Small and medium powers need to figure out how to tackle growing threats from cyberspace sooner rather than later.

By Franz-Stefan Gady

While there has been a substantial debate over what constitutes war or conflict in cyberspace, few experts would deny the central role that cyber operations will play in future warfare. Indeed, given the reliance of most armed forces on computer networks for any aspect of modern war making, including coordinating attacks, operating weapon systems and communication, cyberspace has already permeated all domains of warfare today.

Countries such as China, Iran, Russia, and the United States are heavily investing in their cyber war capabilities and are accumulating not just single cyber weapons but entire cyber weapon arsenals for use in wartime. Other countries are following suit, and it is fair to say that we are in the midst of a cyber arms race. Given that operations in cyberspace generally favor the attacker, the spread of cyber weapons helps fuel a presumable security dilemma, forcing countries to increase both their offensive and defensive cyber capabilities.

Considering the lack of interest among the major cyber powers—China, Russia, and the United States—in strategic stability in cyberspace, (i.e., limiting the development of their cyber war capabilities) and their allotting increasing portions of military budgets to attacking and defending cyberspace, smaller powers will not have adequate financial and manpower resources to keep up.

This asymmetry in cyber power is one of the principal reasons why discussions about codes of conduct, norms, and confidence building measures in cyberspace have made little progress.

There are very few signs that this will change in the years ahead. It took NATO and the Warsaw Pact three decades after the first deployment of nuclear weapons to agree to a set of confidence building measures (CBM) to help avert nuclear war. The Helsinki Final Act, not coincidentally, occurred when the Soviet Union and the United States reached a rough nuclear parity in the mid 1970s. It was, however, only in the 1980s that both sides agreed to a more comprehensive set of CBMs aimed at preventing a potential outbreak of military conflict.

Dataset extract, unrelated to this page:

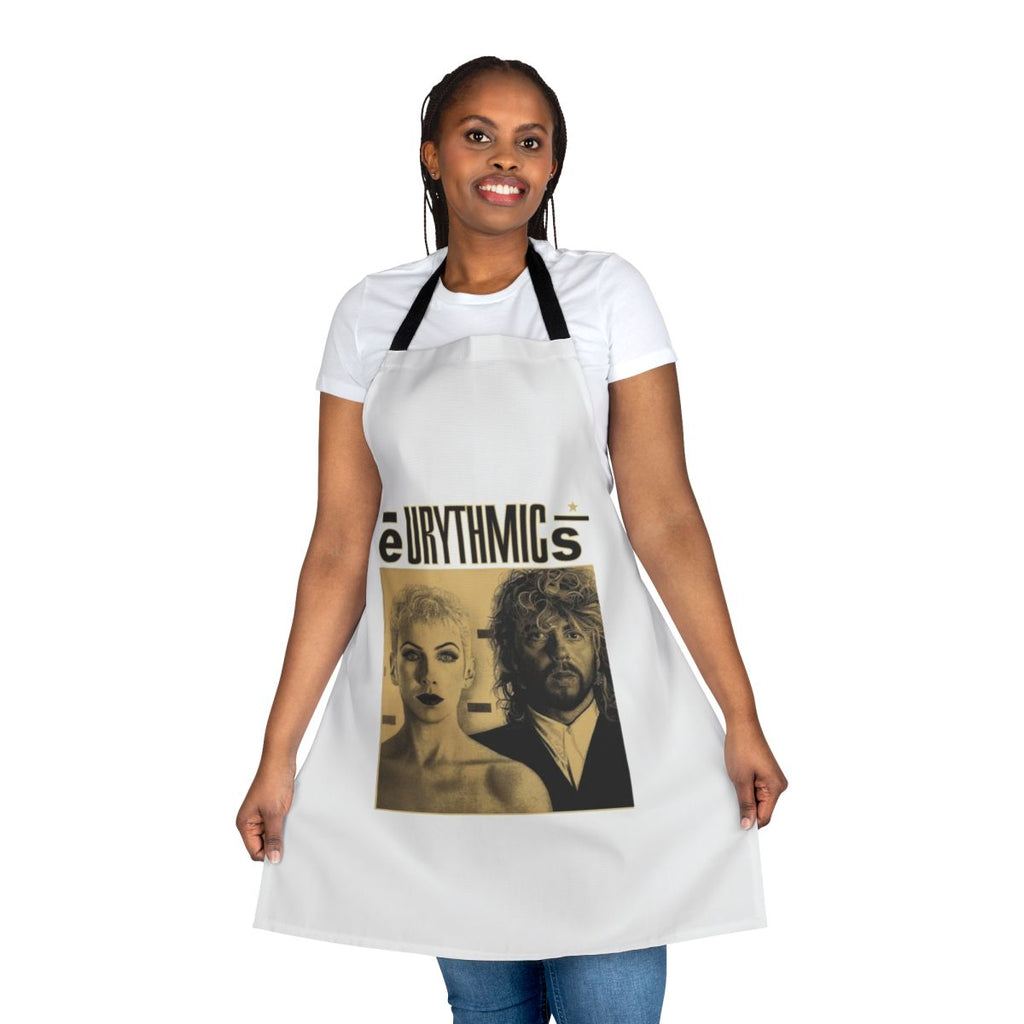 Apron featuring the iconic "Sweet Dreams (Are Made of This)" artwork by the legendary 1980s band Eurythmics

This should not discourage current efforts by governments and private institutions to establish norms for how states and non-state actors should behave in cyberspace. For example, the U.S.-based think tank, EastWest Institute, is working on a new advocacy forum promoting international cyber norms along with the Dutch government. (Full disclosure: I am a senior fellow with the EastWest Institute.) The UN Group of Government Experts has also done important work on the subject over the last few years.

Nevertheless, the above example illustrates that a diplomatic strategy of war avoidance and establishing norms for conducting cyber operations alone will not suffice in the near term. Neither will traditional alliance diplomacy work, since it is still unclear what constitutes an attack in cyberspace (for example to invoke mutual response under Article 5 of the NATO treaty); there is also the well-known difficulty of attribution in peacetime. (Although the U.S. government believes they have largely solved the attribution problem for action by states on which they have a detailed intelligence log for malicious cyberspace activities.) This creates uncertainty whether a state under attack can rely on the support of an ally. As a result small and medium sized powers, despite being part of an alliance bloc, will have to rely more on their capabilities to handle emergencies than in other traditional threat scenarios.

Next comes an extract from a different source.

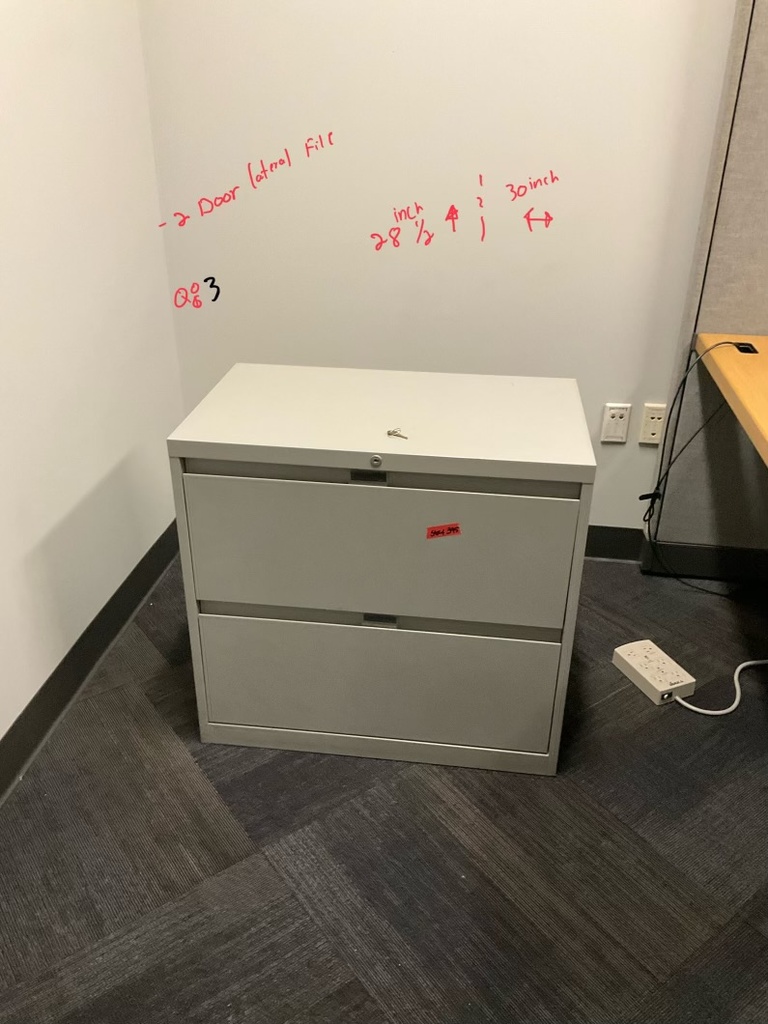 2-Drawer Lateral Filing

Cyberspace clearly offers opportunity to small and middle powers to eliminate a slice of the superiority that a major power can wield in military terms, but it does not "equalize" their power. At least two major powers are developing the capability to disable key strike components of the armed forces of adversary states. This would mean that naval ships and submarines might be disabled as the centrifuges in Natanz, Iran were disabled, or GPS feeds to weapons systems and navigation systems might be manipulated or interrupted.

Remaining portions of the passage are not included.